There are in general only two classes of citizen: that of the landowners to whom all the land and all the products belong; and that of the paid workers who, having neither land nor produce of their own, subsist on the wages that are due for their work.
The first class can easily contribute; since, with all the products belonging to it, if it does not have all the money, it has more than the equivalent* and besides it passes entirely through its hands.
The second class would not be able to do so. It cannot provide subsistence to those who work, because it has absolutely no products of its own. It cannot give them the money they need to buy their subsistence, because the only money it has is its wages; and these wages, reduced to the lowest level by competition, are no more than the exact amount it needs to subsist itself.
Let us stand in the shoes of people who have none of our prejudices, will the first idea that occurs to people such as I have conjured up be to say: “Those who have nothing must contribute to public expenditure like those who possess something”; or else, “Those who have their arms and their hard work as their sole possessions must contribute to public expenditure the money they do not possess?” Now the class of wage earners only earns the money needed for its subsistence, so putting a tax on it is wanting it to pay with money it does not have.
Taxes on industry seem reasonable and fair to us, because, without having thought of the matter, we judge them reasonable and fair whenever they are in the established order. However, this order is often only an abuse.
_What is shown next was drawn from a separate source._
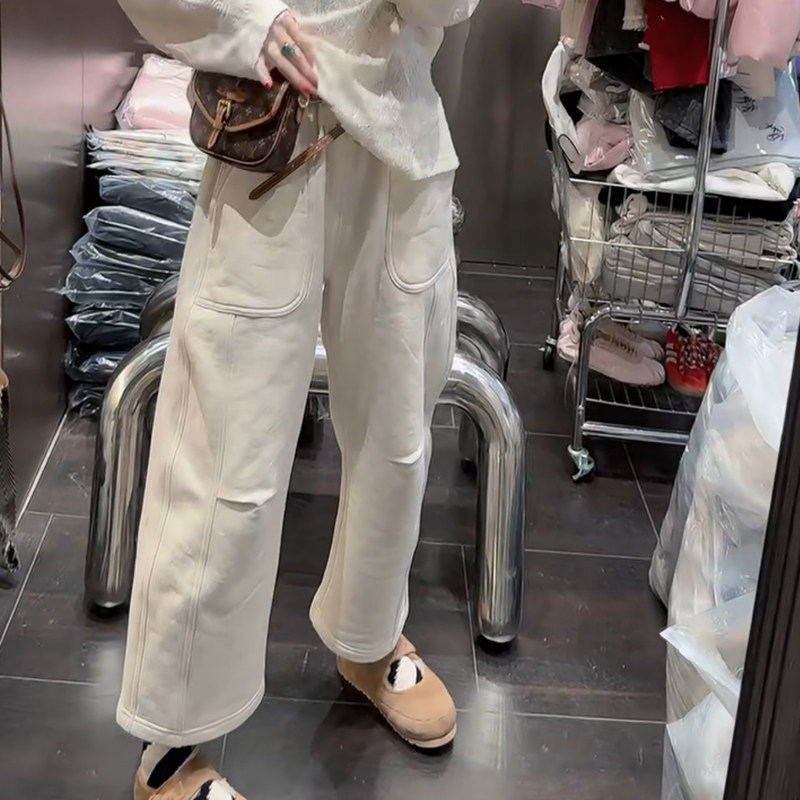 秋冬休闲欧货大口袋弯刀裤女时尚2025百搭松紧高腰净版九分阔腿裤,女装/女士精品,休闲裤,淘宝优惠券,粉丝福利购,淘宝优惠卷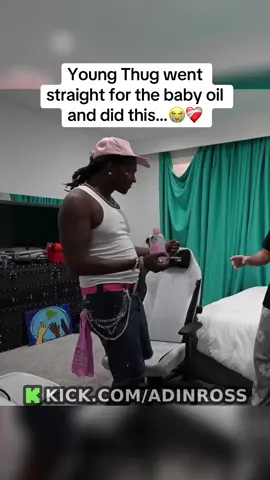 Young Thug went straight for the baby oil and did this😭❤️‍🩹#youngthug #adinross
Our behaviour proves it, even when we do not wish to agree.
Indeed, if we go to the merchants on whom a new tax has been imposed, we are not surprised if they want to sell for a higher price. We even reckon that they have good reason, and we pay the price they demand. So we are contradicting ourselves; we want the merchants to contribute to public expenditure, and when they have contributed, we want to reimburse them. Would it not be easier for us to undertake all this expenditure ourselves?
But there are merchants and artisans who are making themselves wealthy. There, no doubt, you have what sustains our prejudice. Well, let us make them contribute, they will ensure that they are reimbursed. It is therefore impossible for them to contribute.
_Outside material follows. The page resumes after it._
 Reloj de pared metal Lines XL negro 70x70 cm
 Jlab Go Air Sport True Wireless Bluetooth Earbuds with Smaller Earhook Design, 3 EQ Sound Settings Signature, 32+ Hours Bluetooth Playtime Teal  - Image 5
You will probably say that, with the need they have to sell, they will not always succeed in being reimbursed in proportion to the taxes; and that consequently they will bear a part of them.
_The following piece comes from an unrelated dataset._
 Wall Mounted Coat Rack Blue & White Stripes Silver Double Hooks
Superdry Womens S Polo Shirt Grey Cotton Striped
That may be: but it should be noted that the portion on which they remain taxed will be taken from their wage, and that as a result they will be reduced to consuming less than they would have done. So there you have, in a state such as France, several millions of citizens who are forced to cut back on their consumption. Now I ask whether the land will return the same income, when people sell a smaller amount of their produce to several million citizens. So whether the wage-earners are totally reimbursed, or whether they are only partially reimbursed, it is clear that, in the one case as in the other, the tax that one places on them falls equally on the owners.
Indeed, the landowners must certainly pay for the wage-earning class, since it is the landowners who pay the wages. In a word, no matter how one approaches it, they must pay everything.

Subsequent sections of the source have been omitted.